699227 - Make ParseNode::getKind() and Token::type different types

Assignee

Description

•

14 years ago

Attached patch Patch — Details — Splinter Review

Parse nodes and tokens are currently tagged with the same enum type. Sometimes this is convenient. However, this trick makes parsing and tokenizing much harder to understand. Parse nodes would be much easier to understand if the two were distinct types. I mostly avoided other cleanups while writing this patch. Sometimes I found I could understand the code I was non-mechanically changing better if I rearranged things somewhat, converting C-style at-start declarations to C++-style at-first-assignment declarations, so I made those changes to help me make the changes I actually wanted. Sometimes I renamed a variable in the process, but usually not. Other than that there's very little here that wasn't just converting the type. I did change PNK_RESERVED to PNK_CATCHLIST, because that's the only place/way it's used, and it might make the changes easier to understand. Once this is in, further changes will follow to better name the kinds. For example, PNK_FOR for for-loops has a kid that's PNK_FORHEAD or PNK_IN -- but PNK_IN is also used for |x in y|. Splitting these two uses into two different kinds will be much clearer. PNK_DEFAULT is used for |default xml namespace| and for default in switches; those should be split too (and default: made unary rather than binary). PNK_PLUS and PNK_MINUS are used both unary and infix, when having PNK_ADD and PNK_POS split up would be better. You get the idea -- doing this will let us make our parse node kinds clearer, without imposing overhead on token kinds too. This patch bitrots fairly easily, so quicker review would be great. Regardless of review timing, however, I won't be landing it until after the next merge on Tuesday. (It may pass all our existing tests, but I wouldn't be surprised if fuzzers managed to find a few parsing bugs caused by it.)

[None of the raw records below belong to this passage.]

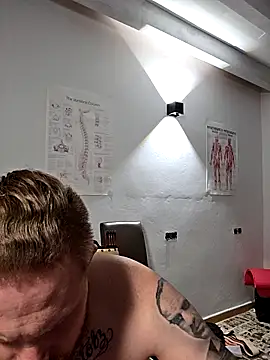 Онлайн чат XXX kylie_blck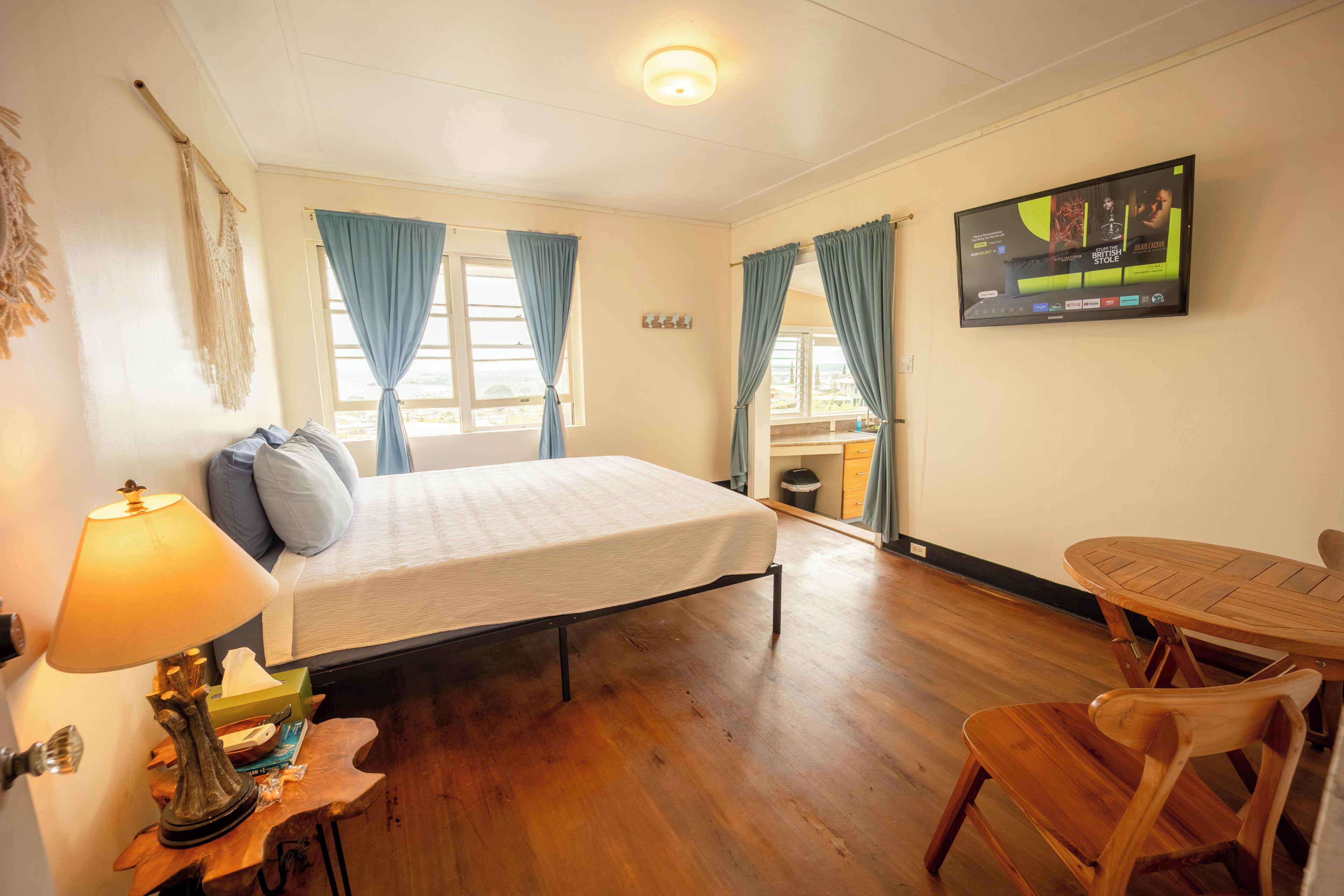 全景套房, 1 张特大床, 无烟房 | 特色装修、特色家居、办公桌、免费 WiFi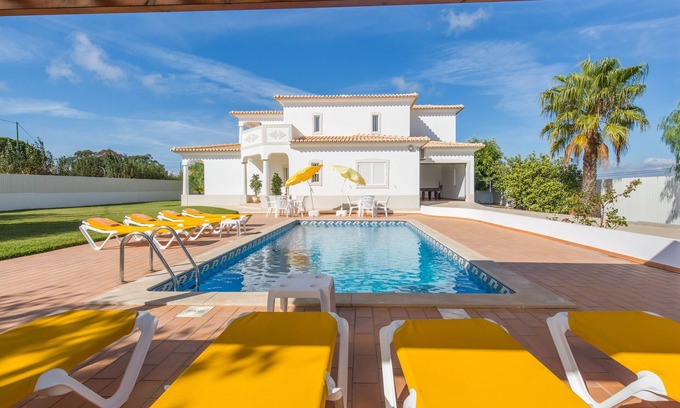 Albufeira Villa | Atemberaubende geräumige 4-Bett-Villa mit privatem Pool in Strandnähe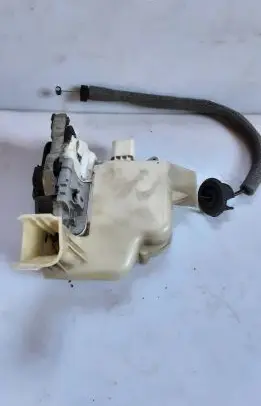 Audi A6 S6 C7 4G Front door lock 8J1837015C
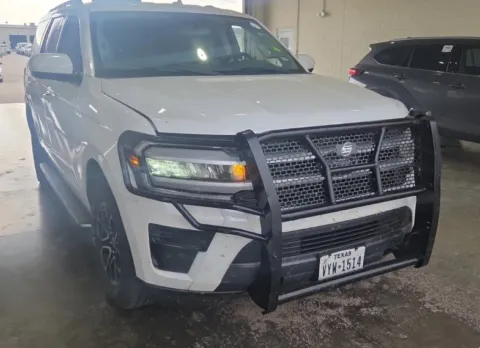 More photos of 2022 Ford Expedition XLT at Sign It Drive It, TX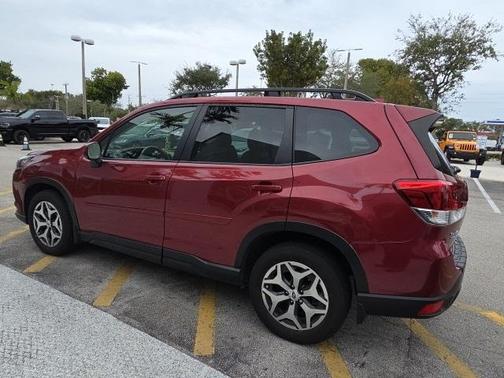 2022 Subaru Forester Premium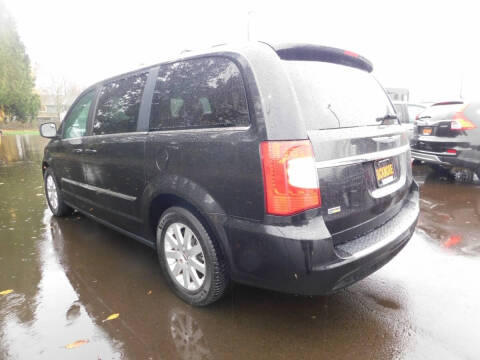 2016 Chrysler Town and Country Touring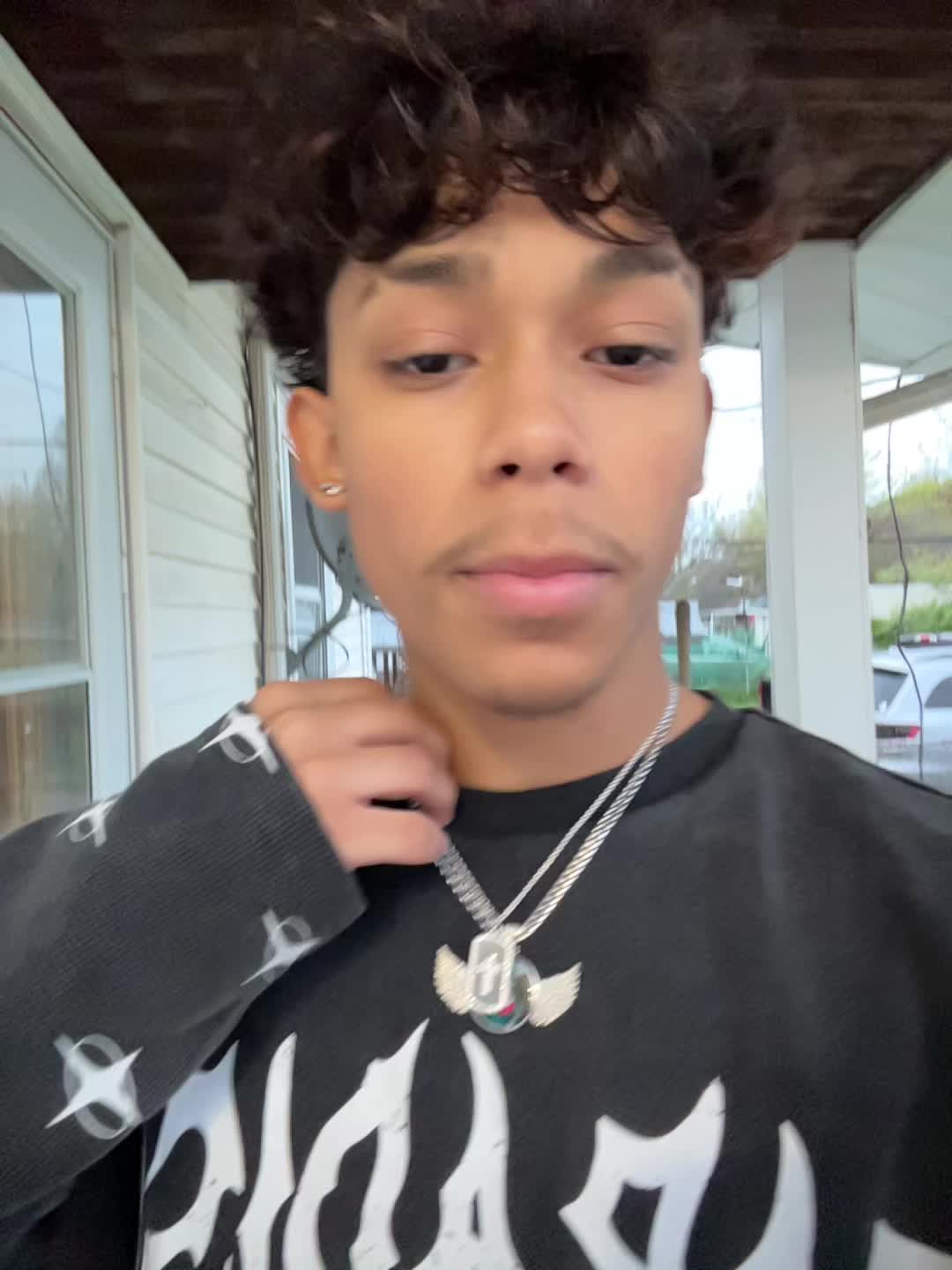 @just_yariel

Attachment #571455 - Flags: review?(jorendorff)

Jeff Walden [:Waldo]

Assignee

Comment 1

•

14 years ago

Attached file Bundle of patches, including the one here, for use in building the patch — Details

The patch here is atop a bunch of other changes, so if you want to test it, you want to use this bundle to do so, not the patch itself. (I should note that this patch passed tests before I rebased it just before posting it here. I haven't verified that no tests broke during the rebase, although of course I would prior to landing it.)

Jeff Walden [:Waldo]

Assignee

Updated

•

14 years ago

Attachment #571457 - Attachment is patch: false

Attachment #571457 - Attachment mime type: text/plain → application/octet-stream

Jason Orendorff [:jorendorff]

Comment 2

•

14 years ago

(In reply to Jeff Walden (remove +bmo to email) from comment #0) > Parse nodes and tokens are currently tagged with the same enum type. > Sometimes this is convenient. However, this trick makes parsing and > tokenizing much harder to understand. Parse nodes would be much easier to > understand if the two were distinct types. I agree. > Once this is in, further changes will follow to better name the kinds. For > example, PNK_FOR for for-loops has a kid that's PNK_FORHEAD or PNK_IN -- but > PNK_IN is also used for |x in y|. Splitting these two uses into two > different kinds will be much clearer. I agree again. It will also be easier to grep the code for references to either kind of IN node. Reviewing now.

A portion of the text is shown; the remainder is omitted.